When securing a home loan, new borrowers may overlook escrow accounts, which are used in part to protect the lender. Under escrow, monthly payments are collected to pay annual insurance and taxes. While some mortgages -- most notably FHA loans -- require the establishment of an escrow account, the decision is typically up to the lender. As a borrower, you should take into account certain factors when planning for your escrow.
Establishing a Cushion
Escrow accounts are typically used to cover your annual property taxes, as well as the yearly cost of homeowners insurance. Each month, you will be responsible for one-twelfth of those two totals. As of 2013, the Real Estate Settlement Protection Act allows lending institutions to maintain a monetary cushion equal to one-sixth of the annual escrow collection. This means that, upon loan approval, you may be required to immediately pay two months worth of payments into your escrow account.
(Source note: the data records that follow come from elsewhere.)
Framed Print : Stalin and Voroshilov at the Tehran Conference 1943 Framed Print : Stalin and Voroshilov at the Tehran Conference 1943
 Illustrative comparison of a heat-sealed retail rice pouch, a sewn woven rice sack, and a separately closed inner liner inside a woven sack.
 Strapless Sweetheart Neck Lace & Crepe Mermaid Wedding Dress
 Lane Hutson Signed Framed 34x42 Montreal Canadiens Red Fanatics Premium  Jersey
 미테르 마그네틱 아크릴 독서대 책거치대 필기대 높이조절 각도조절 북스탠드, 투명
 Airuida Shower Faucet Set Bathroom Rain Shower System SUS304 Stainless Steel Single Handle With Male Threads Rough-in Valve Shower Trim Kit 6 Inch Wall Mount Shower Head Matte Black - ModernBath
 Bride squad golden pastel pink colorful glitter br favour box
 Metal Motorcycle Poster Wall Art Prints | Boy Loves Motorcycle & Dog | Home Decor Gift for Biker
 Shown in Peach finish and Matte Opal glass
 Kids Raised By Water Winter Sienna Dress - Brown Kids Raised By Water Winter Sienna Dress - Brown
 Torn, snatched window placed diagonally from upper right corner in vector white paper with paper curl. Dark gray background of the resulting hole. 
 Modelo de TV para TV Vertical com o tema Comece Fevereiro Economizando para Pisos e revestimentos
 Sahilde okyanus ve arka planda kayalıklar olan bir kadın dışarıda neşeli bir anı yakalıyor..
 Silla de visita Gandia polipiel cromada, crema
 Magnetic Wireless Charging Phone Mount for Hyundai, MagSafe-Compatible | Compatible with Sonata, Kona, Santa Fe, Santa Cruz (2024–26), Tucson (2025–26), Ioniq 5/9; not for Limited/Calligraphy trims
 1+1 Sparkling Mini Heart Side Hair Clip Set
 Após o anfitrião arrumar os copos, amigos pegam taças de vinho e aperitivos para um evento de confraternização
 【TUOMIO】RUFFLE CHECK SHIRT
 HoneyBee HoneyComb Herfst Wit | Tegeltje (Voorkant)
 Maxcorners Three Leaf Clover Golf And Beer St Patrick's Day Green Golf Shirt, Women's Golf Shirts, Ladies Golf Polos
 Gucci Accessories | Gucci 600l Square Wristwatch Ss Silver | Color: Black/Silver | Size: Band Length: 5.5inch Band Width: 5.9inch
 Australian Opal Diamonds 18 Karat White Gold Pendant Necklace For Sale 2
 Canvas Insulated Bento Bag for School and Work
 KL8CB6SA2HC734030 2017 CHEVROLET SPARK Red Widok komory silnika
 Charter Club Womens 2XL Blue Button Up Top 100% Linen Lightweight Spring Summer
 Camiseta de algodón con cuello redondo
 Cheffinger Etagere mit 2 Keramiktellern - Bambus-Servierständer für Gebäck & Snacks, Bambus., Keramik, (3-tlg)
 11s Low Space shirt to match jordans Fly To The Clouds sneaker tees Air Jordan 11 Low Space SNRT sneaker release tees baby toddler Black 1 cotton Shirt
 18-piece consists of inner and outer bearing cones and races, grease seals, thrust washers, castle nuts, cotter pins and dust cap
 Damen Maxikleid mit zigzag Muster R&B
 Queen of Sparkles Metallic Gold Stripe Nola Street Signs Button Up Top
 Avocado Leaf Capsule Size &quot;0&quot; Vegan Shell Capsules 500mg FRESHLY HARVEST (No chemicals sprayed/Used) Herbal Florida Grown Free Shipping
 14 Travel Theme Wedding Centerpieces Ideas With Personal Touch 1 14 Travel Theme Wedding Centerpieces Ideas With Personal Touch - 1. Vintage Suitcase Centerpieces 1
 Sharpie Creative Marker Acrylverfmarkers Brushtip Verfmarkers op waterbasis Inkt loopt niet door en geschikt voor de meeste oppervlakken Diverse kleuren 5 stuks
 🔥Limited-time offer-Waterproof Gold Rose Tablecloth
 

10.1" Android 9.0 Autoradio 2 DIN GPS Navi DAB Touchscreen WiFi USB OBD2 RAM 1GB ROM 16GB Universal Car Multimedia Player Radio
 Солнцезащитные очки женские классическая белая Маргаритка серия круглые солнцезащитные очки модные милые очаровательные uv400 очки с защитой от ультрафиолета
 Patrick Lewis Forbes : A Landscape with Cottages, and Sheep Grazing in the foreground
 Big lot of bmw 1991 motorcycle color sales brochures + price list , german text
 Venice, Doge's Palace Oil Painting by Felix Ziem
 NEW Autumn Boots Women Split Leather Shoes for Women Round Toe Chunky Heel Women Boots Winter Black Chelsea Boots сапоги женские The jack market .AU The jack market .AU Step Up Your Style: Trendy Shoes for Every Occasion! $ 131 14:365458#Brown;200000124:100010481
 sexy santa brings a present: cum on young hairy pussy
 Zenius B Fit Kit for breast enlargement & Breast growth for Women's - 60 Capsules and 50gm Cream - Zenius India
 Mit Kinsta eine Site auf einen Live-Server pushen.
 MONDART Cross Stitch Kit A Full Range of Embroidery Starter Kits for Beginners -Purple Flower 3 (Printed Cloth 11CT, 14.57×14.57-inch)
The taxable value of a property is often reassessed the year after a home is built on the land or the year following a sale of an existing home. This means that your tax rate could increase -- in the case of new construction, it may rise drastically -- a year after you move in to your new home. If taxes rise, your escrow payment will increase accordingly. And if the tax shift doesn't match up with your annual escrow calendar, you could get an unpleasant surprise. For instance, say your July tax bill indicates that you owe $6,000 more in taxes than you owed the year before. Since January, though, you have paid six payments into your escrow account, assuming your old tax rate. Not only will your typical escrow payment increase by $500, but you must also make up the $3,000 difference for the first six months of the year.
Similarly, your homeowners insurance rates may fluctuate greatly from year to year and hikes could result in an increased escrow payment. It is important to understand that the bank typically has nothing to do with your insurance; it simply organizes the payment. Therefore, if your insurance company informs you that your rates will be changing, it is up to you to figure out what effect it may have. The bank will only send you a monthly escrow bill and is under no obligation to warn you that your insurance rates have increased.
Your source of income plays a significant role in whether you will be able to handle an escrow account. If your monthly income fluctuates drastically, you may have trouble paying the escrow payment one month, but could have more than enough the next. If you are in this situation, it may be better for you to simply save at your own pace over the course of the year. You will still need the same amount of money saved up to pay insurance and tax bills, but you won't be faced with a set monthly payment.